16.10.2022

Die Anliegen der liturgischen Feiern vor der Kirchentür sind unvermindert aktuell
Akt der Solidarität und des Widerstands

Von Marie-Christine Andres Schürch

  • Seit Juli 2019 findet jeden Monat am 22. eine liturgische Feier vor einer Kirchentür irgendwo im Aargau statt.
  • Die Feiern machen den Skandal sichtbar, dass noch immer viele Menschen aus der katholischen Kirche ausgeschlossen werden.
  • Zu Beginn auf ein Jahr ausgelegt, gehen die Feiern vor der Kirchentür bereits ins vierte Jahr. Weil das Anliegen unvermindert aktuell ist, aber auch, weil die Feiern dichte Momente der Zuversicht schaffen.


Mit Blick auf den lauschigen Innenhof vor dem ökumenischen Kirchenzentrum in Ehrendingen sagt Claudia Mennen: «Heute Abend ist es zwar kein Opfer, draussen zu feiern. Aber es ist ein Zeichen.» 25 Menschen sitzen auf den Bänken vor der Kirchentür, ein Drittel davon Männer. Marlene Moritz und Iris Kaufmann haben die Feier vorbereitet, mitgestaltet wird sie von Claudia Mennen von der Fachstelle Bildung und Propstei der Aargauer Landeskirche.
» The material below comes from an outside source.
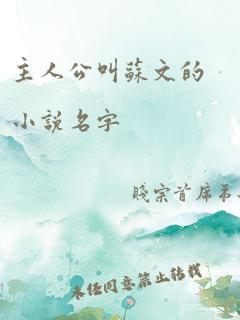 主人公叫苏文的小说名字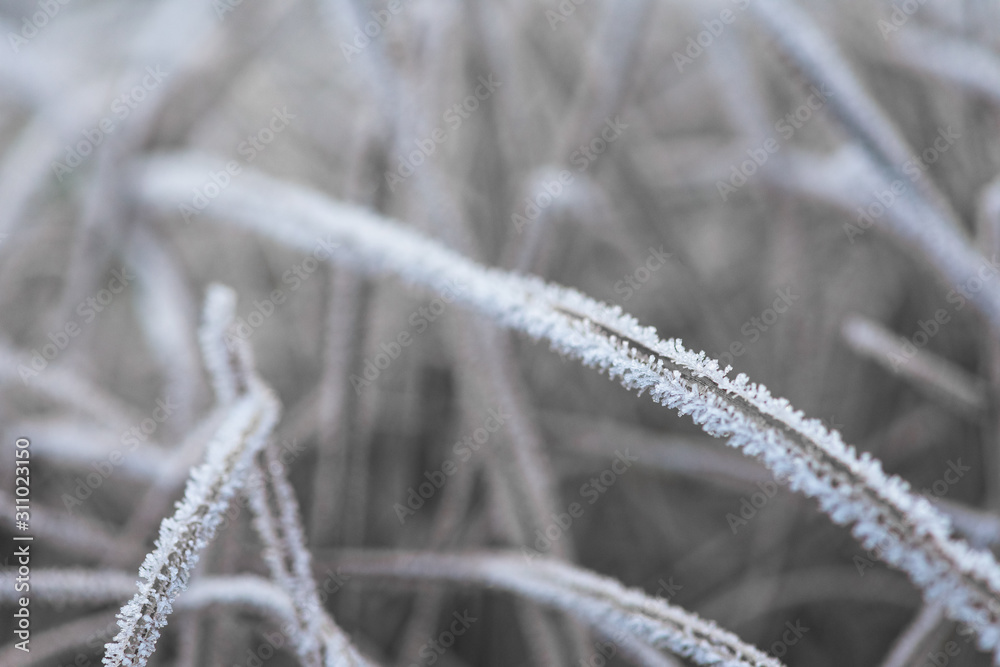 frost frost with ice crystals on the leaves oblong winter morning. close-up, space for text. frost frost with ice crystals on the leaves oblong winter morning. close-up, space for text.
Die «liturgischen Feiern vor der Kirchentür» finden seit Juli 2019 jeden Monat am 22. vor der Kirchentür einer Aargauer Kirche statt. Manchmal finden gar mehrere Feiern parallel statt, wie an diesem Abend: «Wir beten heute zusammen mit den Menschen im Kloster Fahr, die mit Priorin Irene und Su-​sanne Andrea Birke die gleiche Feier im Laudato si‘-Garten abhalten», hält Claudia Mennen fest. Ihre Fachstelle hatte die Feiern ins Leben gerufen, um zusammen mit anderen Initiativen wie «Gleichberechtigung. Punkt. Amen», «Maria 2.0» oder dem «Gebet am Donnerstag» der Forderung nach einer Kirche umfassender Gleichwertigkeit Nachdruck zu verleihen.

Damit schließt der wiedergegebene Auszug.